Task details → Return each line exactly, from the one that has "New! Blondo Hayven" through the end of the entries, both ends included. Pictures do not belong.

Data supplied →
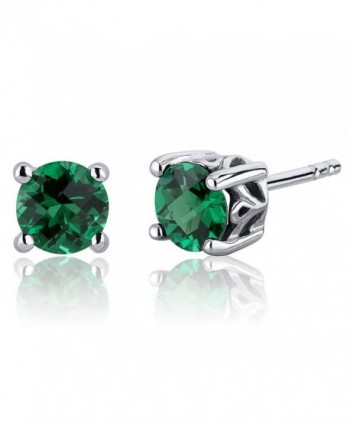 1.50 Carats Simulated Emerald Round Cut Stud Earrings Sterling Silver - CN110AHXZ0L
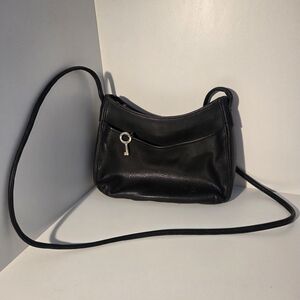 Classic Black Leather Crossbody Bag with Key Charm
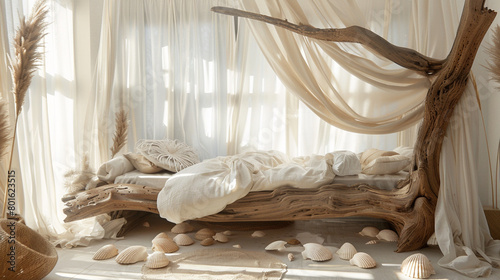 A coastal-themed bedroom with a driftwood bed frame, seashell decor, and billowing white curtains.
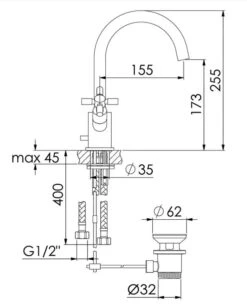 Steinberg 250 - Wastafelkraan Met Waste, Mat Zwart 250 1500 S -Badkamer Luxe ef1a84220387fced222ef10f
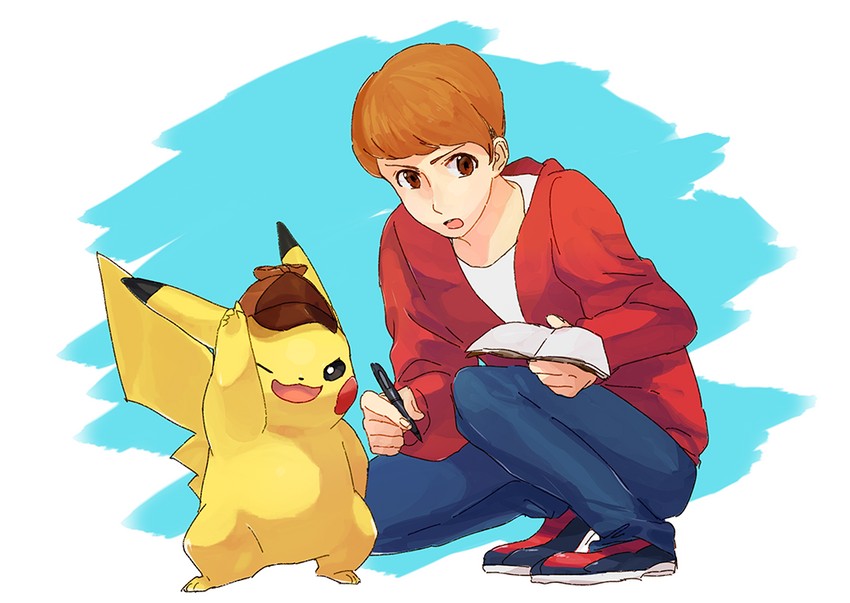 pikachu, detective pikachu, and tim goodman (pokemon and 1 more) drawn by buntatta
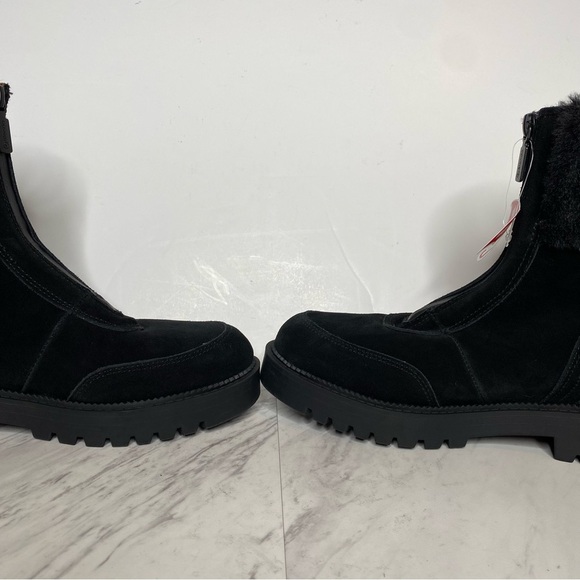 New! Blondo Hayven Black Suede Faux Fur Cuff Boot 8M - Picture 6 of 14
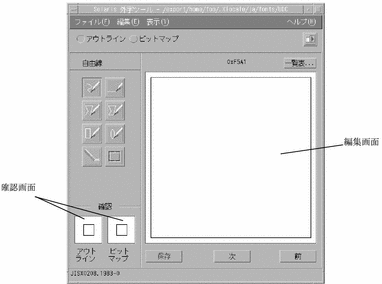 「文字エディタ」ウィンドウを表示しています。「編集画面」、「参照画面」、「確認画面」などがあります。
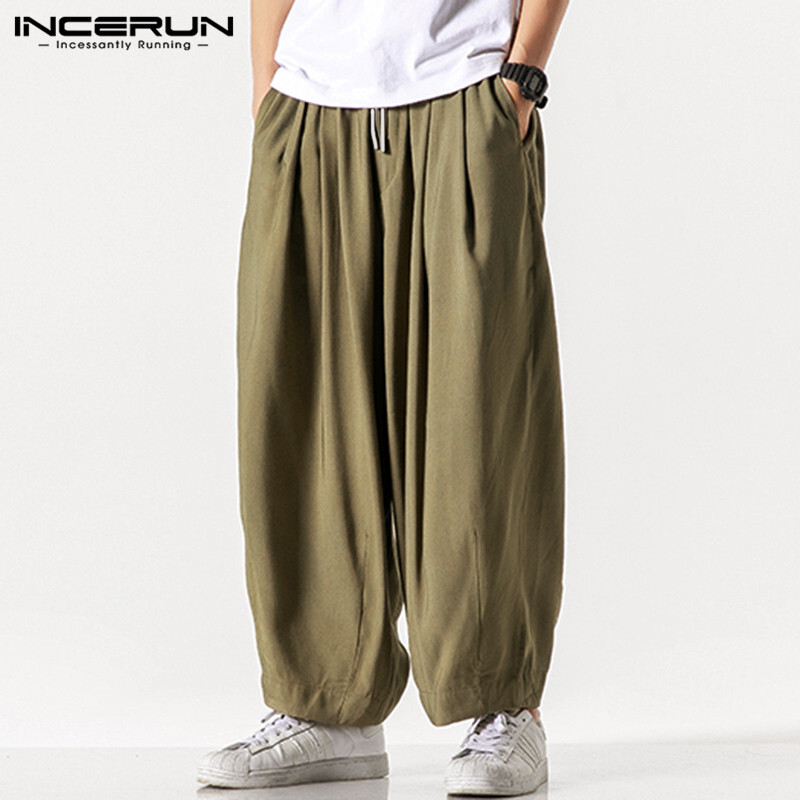 Ljetne muške široke nogavice Hlače s uzicom Joggers Obične High Street muške ležerne hlače Vrećaste modne harem hlače S-5XL INCERUN 2024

Answer for this exercise →
 New! Blondo Hayven Black Suede Faux Fur Cuff Boot 8M - Picture 6 of 14
 「文字エディタ」ウィンドウを表示しています。「編集画面」、「参照画面」、「確認画面」などがあります。
 Ljetne muške široke nogavice Hlače s uzicom Joggers Obične High Street muške ležerne hlače Vrećaste modne harem hlače S-5XL INCERUN 2024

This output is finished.